💾 Archived View for tilde.pink › ~bencollver › why-oauth2-stinks.gmi captured on 2022-06-11 at 20:42:38. Gemini links have been rewritten to link to archived content
⬅️ Previous capture (2022-06-03)
-=-=-=-=-=-=-
According to the old joke, a camel is just a horse that was designed by a committee: when it came to OAUTH2, though, what the committee produced was more like a two-wheeled donkey.
OAUTH2 is a suite of documents that defines an authentication and authorization process--a set of rules and procedures that allows a user to control how a program can login to a service (for instance, to send mail), and what it can do while it is logged in. Many of its goals are entirely admirable:
There are other more minor benefits that the developers of the framework make reference to, but these are the main ones the user will see. But you only get benefits from something like this if it is well-designed and implemented.
Very annoyingly, sites like GMail and Microsoft's outlook.com site have taken to calling OAUTH2 "modern authentication", as if this somehow marks it as a well-thought-out, balanced mechanism: unfortunately, neither is true.

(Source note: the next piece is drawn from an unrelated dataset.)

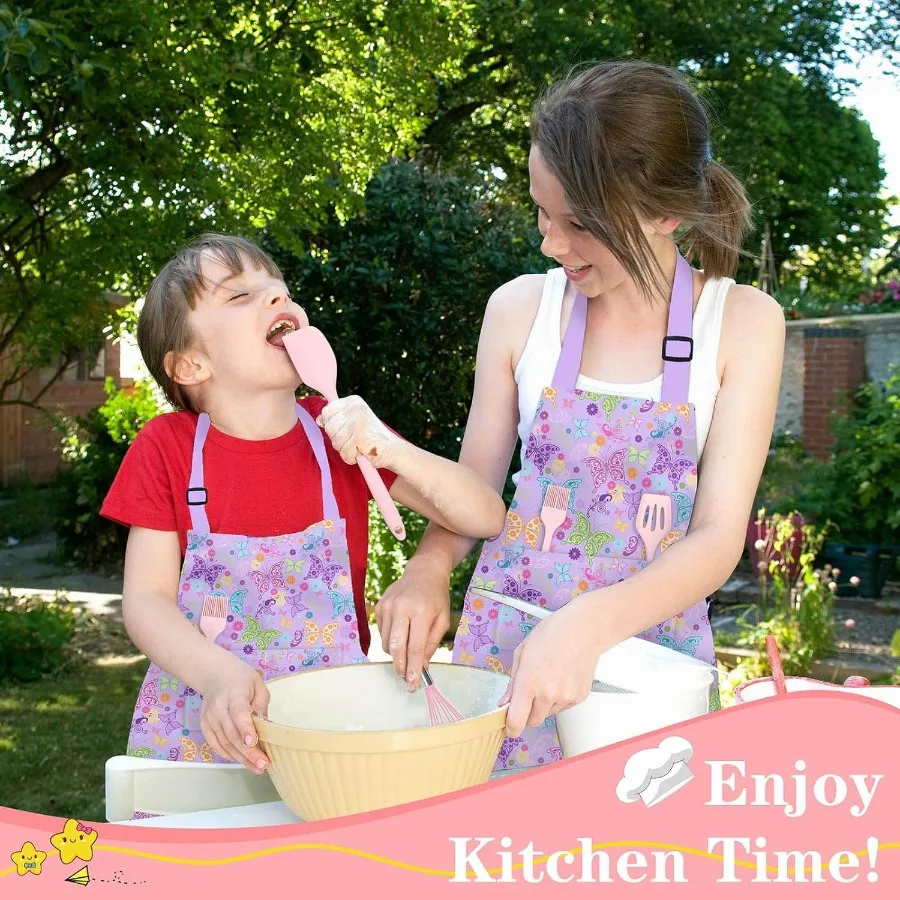 مجموعة قبعة الشيف ومريلة مع جيبين كبيرتين للفتيات والأولاد، مآزر أزياء الشيف القابلة للتعديل للخبز Cng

OAUTH2 has had a very checkered history: originally a rather more complex framework called OAUTH 1, the process of developing OAUTH2 was so internally fraught that the lead author of the specification resigned and removed his name from the process before it was released. If you'd like to see a little history of OAUTH2, Wikipedia has an article here:
So why am I so critical of OAUTH2? Let me count the ways...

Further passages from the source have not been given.